The initial rules governing the club stated: “The object [of the club] is to promote social activities.” It even spelled out some of the activities by indicting that “dance parties will be given 4 times a year.” During that time, and for some time afterwards, dance parties were a main staple in African American entertainment circles.

Babe Salters, somewhat of a musical forerunner of the day, led one of the early music groups that played for some of the dance parties. Later, Percy Hughes and his orchestra were among the groups supplying music for club dances. (Incidentally, Percy Hughes’ father was among the founders of the club in 1925.)

Although the club is no longer bound to four dances a year, dances are still a part of the club’s party routine. The “Electric Slide” became almost a standard part of the club’s itinerary. As a matter of fact, at any of today’s functions you might still see a line assembled on the dance floor with the Electric Slide in mind.

Another rule decreed by the Forty Club originators was that the club would have at least one summer outing a year. This was later extended into several each year and became a major and highly anticipated activity of the club.

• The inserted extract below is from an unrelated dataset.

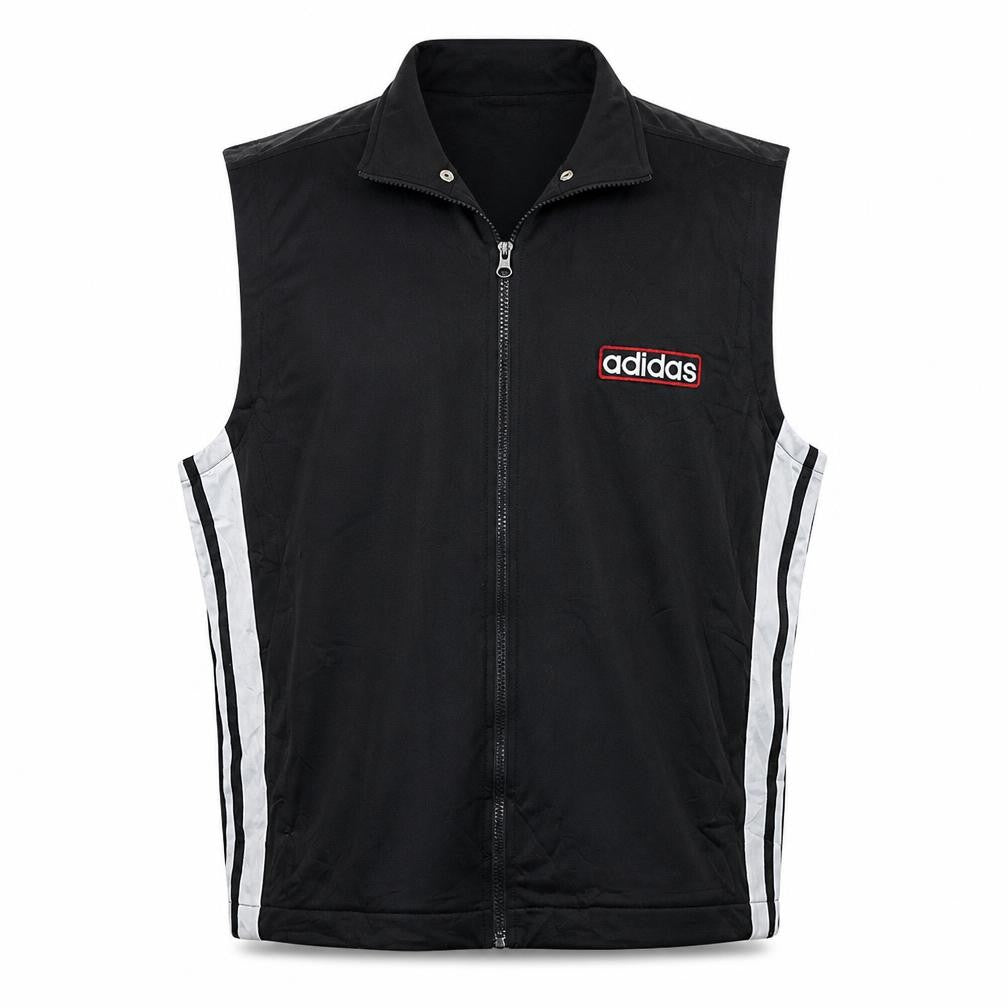 Front view of Adidas Men's Black Sleeveless Track Jacket, size 40, Regular Fit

Myrrhene Crawford, a third-generation member whose grandfather, S.E. Hall, was an active founding member, relates that her grandfather owned a cabin on a lake in Little Canada and the club had access to it. The Hall brothers’ cabin was used for several years and left pleasant memories for many who still remember it.

The club today has several members who are second-generation members and a few third-generationers. They are referred to in the club as “legacy members.”(The club’s current president’s husband, Gary Allen, is a legacy member.)

The longtime generational loyalty to the club undoubtedly is one of the reasons for the 85-year longevity of its existence. One of the legacy members made this remark: “Growing up, I always looked forward to eventually becoming a member of the Forty Club the same way that I looked forward to the coming of Christmas.”

At the initiation of the Forty Club, it was decided to restrict club membership to 20 couples from the Minneapolis area and 20 couples from the St. Paul area – hence the name. Eighty-five years ago, Blacks in Minneapolis and St. Paul were somewhat estranged, and one of the things that Forty Club founders had in mind was uniting the two cities’ Black populations. With the requirement of an equal number of memberships from each city, the Forty Club was a pioneer in creating inter-city unification.

Over the years there have been various attempts to increase the membership size, but this has been resisted by the membership at large, and the club has remained at the 40-membership level. Some feel that the membership number is significant to the founders’ insight.

Others feel that by becoming too large the club would lose some of its intimacy. For example, Herticenea Self, a member since the ’70s, indicated,

“The combined 40 couples make for a nice, workable group size. When we first joined we knew few members, but…we were soon to know most members by first name.” Joseph Sizer, a member since 1966, echoed the same sentiment.

Although the club’s purpose was strictly social and recreational, many of its members were leaders in the city and state. None gained greater prominence than founding member Clarence “Cap” Wigington, the first African American registered architect in Minnesota.

Wigington designed an array of schools, fire stations, park structures, and annual ice palaces for the Winter Carnival. His designs for the Highland Park Water Tower, the Holman Airfield Administration Building, and the Harriet Island Pavilion (now named after him) are on the National Register of Historic Places.

Among the other founding members was Tela Burt, first African American realtor, and several doctors and lawyers who played prominent roles in the early Minnesota Black community.

Officers elected by the club founders 85 years ago were: Harold Combs, president; Mrs. Adina Gibbs, secretary; Mrs. Hattie Oliver, vice president; and Dr. Earl Weber, treasurer.